According to published reports, the couple purchased 180 acres of farmland on the Annapolis Neck Peninsula, off the Chesapeake Bay and the Severn River. Even though they were farmers, the family hosted family picnics and church outings, and invited boarders to participate in summer outings on their water front property.

This photo taken around 1937, depicts men relaxing in the shade while their children and wives bathed in warm beach water.

Photo Courtesy Robert McNeill Archives

This photo taken around 1937, depicts men relaxing in the shade while their children and wives bathed in warm beach water.

By 1926, the family officially named the water location Carr’s Beach and a nearby ocean-side property was named Sparrow’s Beach.

By the late 1940s, Carr’s Beach had earned a growing reputation as one of the most popular beach spots on the East Coast. Black vacationers from as far west as Ohio and West Virginia, found themselves frolicking with revelers from New York State, Pennsylvania and of course nearby Baltimore and Washington, D.C.

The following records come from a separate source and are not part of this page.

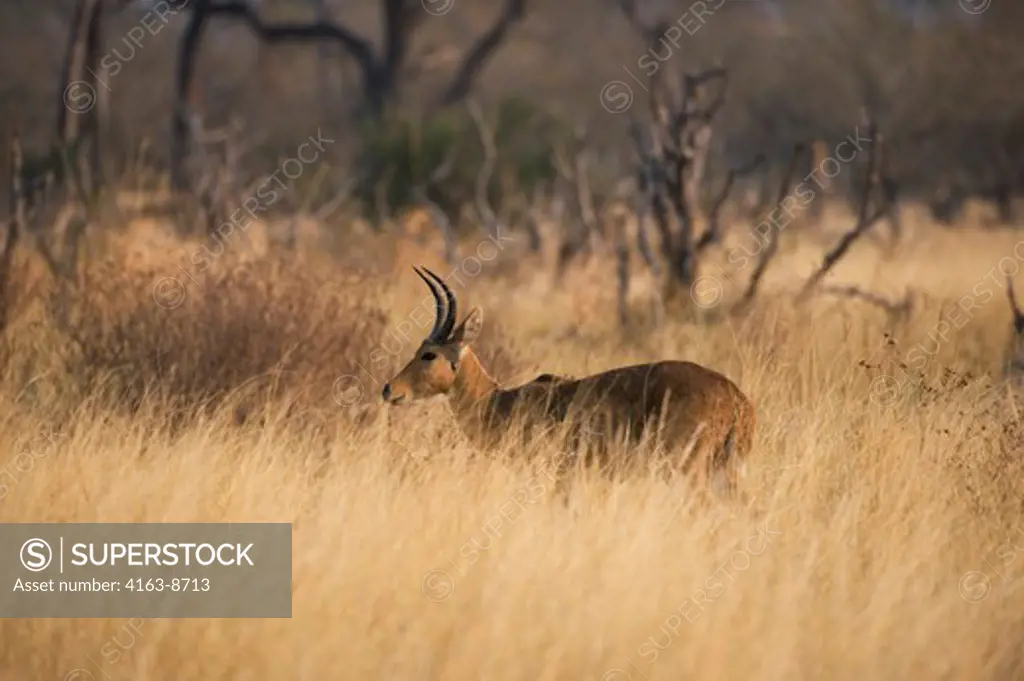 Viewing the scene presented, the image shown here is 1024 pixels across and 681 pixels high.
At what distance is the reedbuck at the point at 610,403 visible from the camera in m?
6.77

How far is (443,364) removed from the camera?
299 inches

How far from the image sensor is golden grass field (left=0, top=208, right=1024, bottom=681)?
5141 mm

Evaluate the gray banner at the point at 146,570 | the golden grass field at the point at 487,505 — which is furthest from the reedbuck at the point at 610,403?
the gray banner at the point at 146,570

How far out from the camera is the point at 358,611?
5.37m

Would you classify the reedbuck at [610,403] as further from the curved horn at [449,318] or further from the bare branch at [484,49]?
the bare branch at [484,49]

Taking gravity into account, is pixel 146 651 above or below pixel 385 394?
below

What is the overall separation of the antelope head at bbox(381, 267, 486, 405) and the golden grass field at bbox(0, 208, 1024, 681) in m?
0.23

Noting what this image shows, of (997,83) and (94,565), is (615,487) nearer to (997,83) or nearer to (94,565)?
(94,565)

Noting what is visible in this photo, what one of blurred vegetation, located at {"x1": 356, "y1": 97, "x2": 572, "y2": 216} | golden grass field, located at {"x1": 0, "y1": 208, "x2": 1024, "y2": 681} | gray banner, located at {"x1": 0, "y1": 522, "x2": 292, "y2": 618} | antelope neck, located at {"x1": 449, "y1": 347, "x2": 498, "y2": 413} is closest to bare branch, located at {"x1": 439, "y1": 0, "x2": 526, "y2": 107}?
blurred vegetation, located at {"x1": 356, "y1": 97, "x2": 572, "y2": 216}

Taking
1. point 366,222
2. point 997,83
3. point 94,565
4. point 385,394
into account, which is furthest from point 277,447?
point 997,83

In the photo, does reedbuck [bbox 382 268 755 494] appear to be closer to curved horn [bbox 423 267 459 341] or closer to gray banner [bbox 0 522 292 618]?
curved horn [bbox 423 267 459 341]

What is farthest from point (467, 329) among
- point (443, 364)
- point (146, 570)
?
point (146, 570)

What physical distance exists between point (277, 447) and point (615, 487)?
1720 millimetres

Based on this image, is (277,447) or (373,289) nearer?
(277,447) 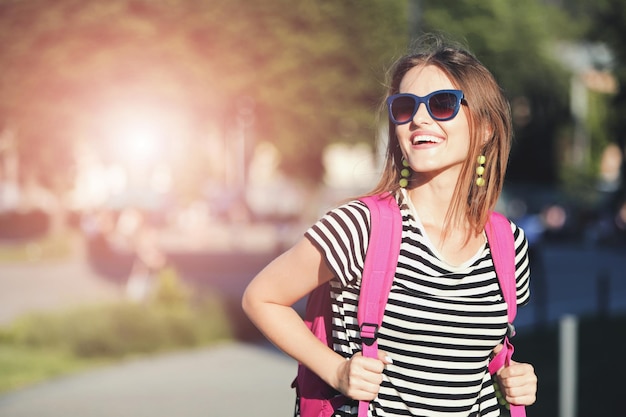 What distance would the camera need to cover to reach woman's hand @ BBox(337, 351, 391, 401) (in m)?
2.13

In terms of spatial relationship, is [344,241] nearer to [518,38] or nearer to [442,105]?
[442,105]

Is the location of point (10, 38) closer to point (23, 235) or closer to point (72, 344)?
point (23, 235)

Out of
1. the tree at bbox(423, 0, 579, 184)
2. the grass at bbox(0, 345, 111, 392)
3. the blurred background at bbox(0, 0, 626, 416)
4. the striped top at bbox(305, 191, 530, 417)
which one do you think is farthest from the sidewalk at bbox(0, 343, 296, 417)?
the tree at bbox(423, 0, 579, 184)

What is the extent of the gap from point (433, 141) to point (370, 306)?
0.46 meters

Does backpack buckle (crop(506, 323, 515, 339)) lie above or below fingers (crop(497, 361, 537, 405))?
above

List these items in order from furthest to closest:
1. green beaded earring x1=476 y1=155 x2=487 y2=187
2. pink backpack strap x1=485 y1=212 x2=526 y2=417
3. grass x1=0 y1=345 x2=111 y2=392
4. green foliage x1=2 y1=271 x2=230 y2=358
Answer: green foliage x1=2 y1=271 x2=230 y2=358
grass x1=0 y1=345 x2=111 y2=392
green beaded earring x1=476 y1=155 x2=487 y2=187
pink backpack strap x1=485 y1=212 x2=526 y2=417

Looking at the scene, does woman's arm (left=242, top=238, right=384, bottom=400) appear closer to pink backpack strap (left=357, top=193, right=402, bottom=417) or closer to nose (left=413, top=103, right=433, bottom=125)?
pink backpack strap (left=357, top=193, right=402, bottom=417)

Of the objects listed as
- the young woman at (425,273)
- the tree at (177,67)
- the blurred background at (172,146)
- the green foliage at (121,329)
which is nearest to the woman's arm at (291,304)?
the young woman at (425,273)

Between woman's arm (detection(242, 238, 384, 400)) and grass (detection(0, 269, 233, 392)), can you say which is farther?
grass (detection(0, 269, 233, 392))

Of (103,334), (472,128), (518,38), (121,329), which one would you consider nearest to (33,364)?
(103,334)

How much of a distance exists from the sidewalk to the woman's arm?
492 cm

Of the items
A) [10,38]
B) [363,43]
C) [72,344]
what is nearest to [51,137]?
[10,38]

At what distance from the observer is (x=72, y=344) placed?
32.2 ft

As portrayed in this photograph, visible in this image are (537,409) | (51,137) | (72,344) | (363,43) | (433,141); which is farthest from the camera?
(363,43) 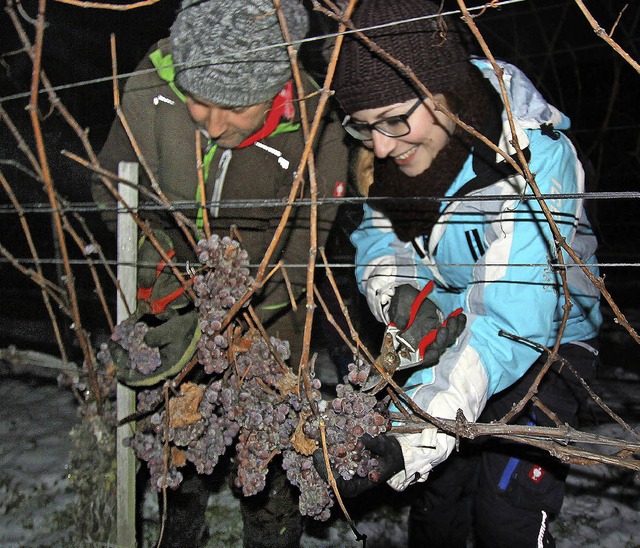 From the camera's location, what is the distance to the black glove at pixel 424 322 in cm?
149

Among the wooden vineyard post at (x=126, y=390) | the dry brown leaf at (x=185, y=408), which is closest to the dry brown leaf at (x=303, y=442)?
the dry brown leaf at (x=185, y=408)

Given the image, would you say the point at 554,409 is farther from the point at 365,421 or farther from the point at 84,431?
the point at 84,431

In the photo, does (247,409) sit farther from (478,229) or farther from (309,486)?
(478,229)

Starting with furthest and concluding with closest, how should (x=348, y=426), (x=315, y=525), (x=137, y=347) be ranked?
(x=315, y=525) → (x=137, y=347) → (x=348, y=426)

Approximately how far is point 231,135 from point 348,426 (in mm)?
938

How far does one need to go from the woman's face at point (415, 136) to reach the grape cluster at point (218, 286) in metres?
0.47

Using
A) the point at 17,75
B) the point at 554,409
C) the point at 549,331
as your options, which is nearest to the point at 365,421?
the point at 549,331

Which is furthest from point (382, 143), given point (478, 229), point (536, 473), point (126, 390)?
point (536, 473)

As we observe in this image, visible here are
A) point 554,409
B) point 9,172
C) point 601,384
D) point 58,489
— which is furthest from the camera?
point 601,384

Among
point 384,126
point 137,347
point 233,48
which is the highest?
point 233,48

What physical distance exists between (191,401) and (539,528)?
1105mm

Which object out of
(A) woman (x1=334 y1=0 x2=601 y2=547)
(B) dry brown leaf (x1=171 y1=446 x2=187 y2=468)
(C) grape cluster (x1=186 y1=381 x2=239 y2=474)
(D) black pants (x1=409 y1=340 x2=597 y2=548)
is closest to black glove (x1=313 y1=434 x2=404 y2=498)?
(A) woman (x1=334 y1=0 x2=601 y2=547)

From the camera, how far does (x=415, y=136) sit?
4.84ft

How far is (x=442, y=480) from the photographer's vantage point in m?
1.97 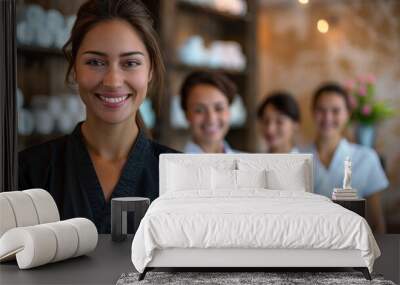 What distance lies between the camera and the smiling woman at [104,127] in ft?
22.4

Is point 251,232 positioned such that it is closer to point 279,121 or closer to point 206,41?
point 279,121

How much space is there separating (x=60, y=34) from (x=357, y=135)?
297 centimetres

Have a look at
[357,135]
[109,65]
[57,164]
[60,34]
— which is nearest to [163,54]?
[109,65]

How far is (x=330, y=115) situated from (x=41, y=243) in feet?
10.5

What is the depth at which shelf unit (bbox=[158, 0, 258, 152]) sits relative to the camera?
6918mm

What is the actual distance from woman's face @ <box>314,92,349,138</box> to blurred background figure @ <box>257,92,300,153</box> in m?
0.22

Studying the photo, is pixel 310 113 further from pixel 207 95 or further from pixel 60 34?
pixel 60 34

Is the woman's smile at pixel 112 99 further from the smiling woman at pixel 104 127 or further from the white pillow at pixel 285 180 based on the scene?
the white pillow at pixel 285 180

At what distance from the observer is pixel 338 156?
274 inches

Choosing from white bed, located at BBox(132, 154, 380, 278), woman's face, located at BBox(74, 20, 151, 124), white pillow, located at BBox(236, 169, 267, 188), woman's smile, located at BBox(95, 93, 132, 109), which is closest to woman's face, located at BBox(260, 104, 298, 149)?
white pillow, located at BBox(236, 169, 267, 188)

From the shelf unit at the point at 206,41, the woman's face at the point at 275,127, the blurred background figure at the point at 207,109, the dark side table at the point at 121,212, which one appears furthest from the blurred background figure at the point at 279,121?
the dark side table at the point at 121,212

While the weekdays attracted family-life picnics, Sunday School and church picnics, on weekends, some of the premier black entertainers from the

so-called “Chitlin Circuit” found themselves entertaining thousands of appreciative patrons who were starved to see top-notch performers such as Billie Holliday; Count Basie; James Brown; Ray Charles and the Raelettes; Wilson Pickett; Otis Redding; Little Richard; Esther Phillips; The Orioles and Frankie Lymon and The Teenagers.

Popular Annapolis radio disc jockey, Charles W. “Hoppy” Adams Jr. of radio station WANN, spear headed the music scene and ensured that premier entertainment consistently performed on “The Beach” soundstage.

Two Baltimore area gentlemen, Mike Lee and Robert Ford, were youngsters at a time when their parents would drive them from West Baltimore to partake in picnics and overall good summer fun, near the Annapolis beaches.

Mike Lee, 68, recalls being in elementary school when he first visited Carr’s Beach.

Mike Lee of Baltimore reflects on life at "the Beach" when he was a youngster.

Courtesy Photo

Mike Lee of Baltimore reflects on life at "the Beach" when he was a youngster.

“I was aware that we weren’t welcome to places like Ocean City,” said Lee. “So Carr’s and Sparrow beaches offered us a safe haven, a place where we could do what we wanted to do, and not have anyone looking over us, like law enforcement.”

Lee’s high school classmate, Robert Ford, 67, also has fond memories of visiting “The Beach” as a youngster.

“Carr’s Beach was a summertime location where everyone wanted to go to experience the beach but due to the

activities below the Mason-Dixon Line, we were faced with Jim Crowism and segregation [and] we could not go everywhere, including Ocean City,” said Ford. “To this day, I have never gone to Ocean City. It’s just something about not being allowed to go back then, I guess that’s lingered with me even now.”